REQUIRED WORK
The records below are to be reproduced exactly, with every picture left out.

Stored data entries
********************

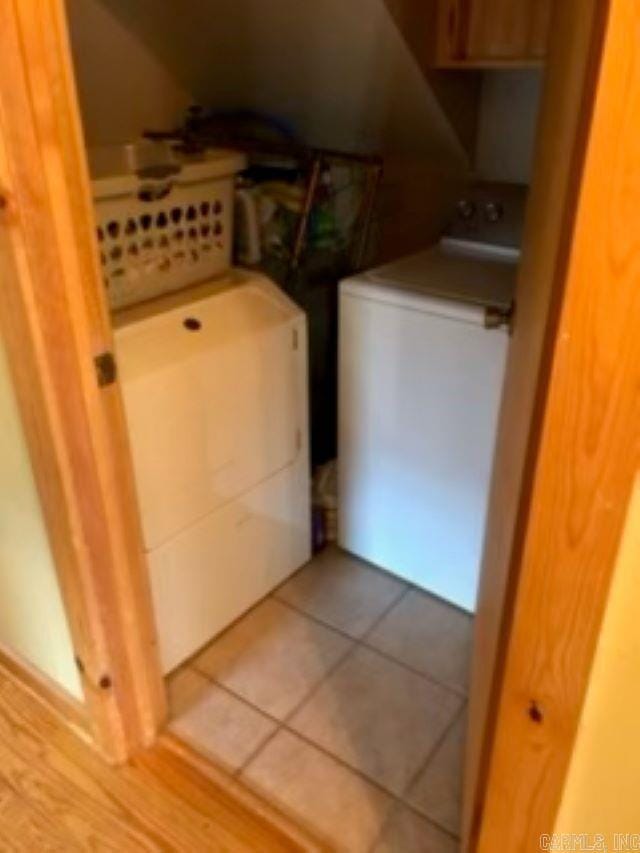 laundry room featuring tile patterned flooring and separate washer and dryer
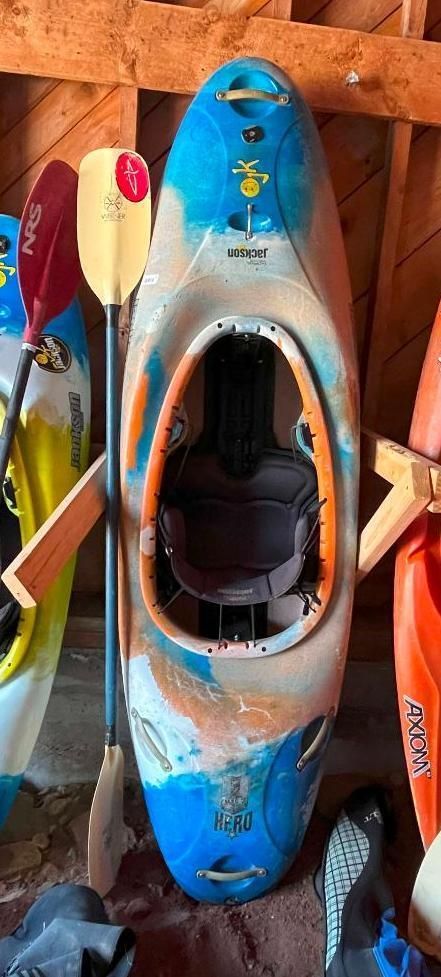 A kayak, with paddle, hanging in a wooden storage area. Blue, tan, and orange color scheme.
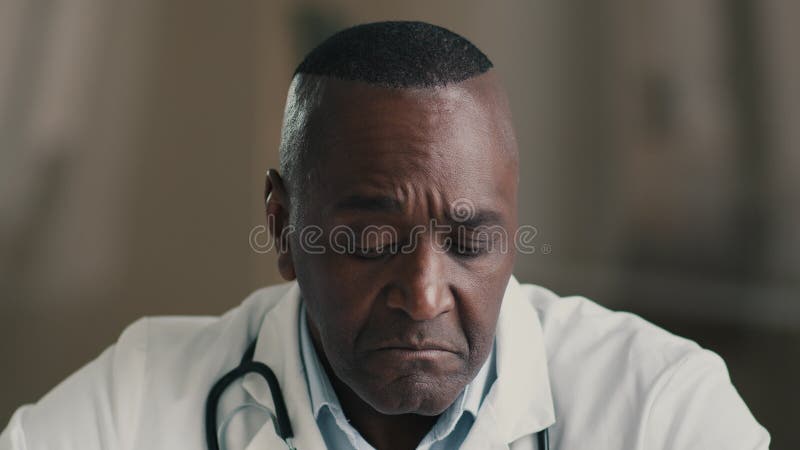 Desconcertado pensante médico profesional masculino maduro médico adulto afroamericano en la idea de planificación de abrigos médi almacen de video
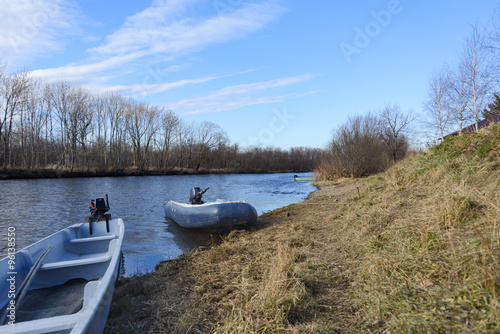 Boat on the shore of a mountain river.
National Nanai boat on the shore of a mountain river. photo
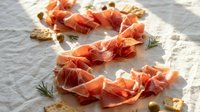 Sliced prosciutto ham with rosemary herbs and nuts arranged on white parchment paper for gourmet appetizer and charcuterie board presentation.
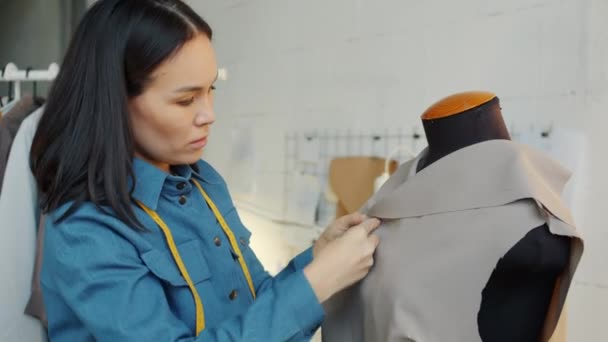 Pensive jovem mulher costura roupas da moda em alfaiates manequim trabalhando sozinho no estúdio — Vídeo de Stock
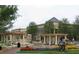 Community center featuring fountains, landscaping, and walking areas at 3790 Chattahoochee (Lot 33) Rd, Cumming, GA 30041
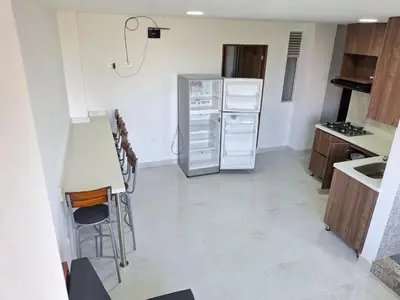 a kitchen with a refrigerator and a counter top at Acogedor Apartamento de 3 dormitorios con baños privados - Guatapé Antioquia in Guatapé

********************

REPLY TO THE EXERCISE
 laundry room featuring tile patterned flooring and separate washer and dryer
 A kayak, with paddle, hanging in a wooden storage area. Blue, tan, and orange color scheme.
 Desconcertado pensante médico profesional masculino maduro médico adulto afroamericano en la idea de planificación de abrigos médi almacen de video
 Boat on the shore of a mountain river.
National Nanai boat on the shore of a mountain river. photo
 Sliced prosciutto ham with rosemary herbs and nuts arranged on white parchment paper for gourmet appetizer and charcuterie board presentation.
 Pensive jovem mulher costura roupas da moda em alfaiates manequim trabalhando sozinho no estúdio — Vídeo de Stock
 Community center featuring fountains, landscaping, and walking areas at 3790 Chattahoochee (Lot 33) Rd, Cumming, GA 30041
 a kitchen with a refrigerator and a counter top at Acogedor Apartamento de 3 dormitorios con baños privados - Guatapé Antioquia in Guatapé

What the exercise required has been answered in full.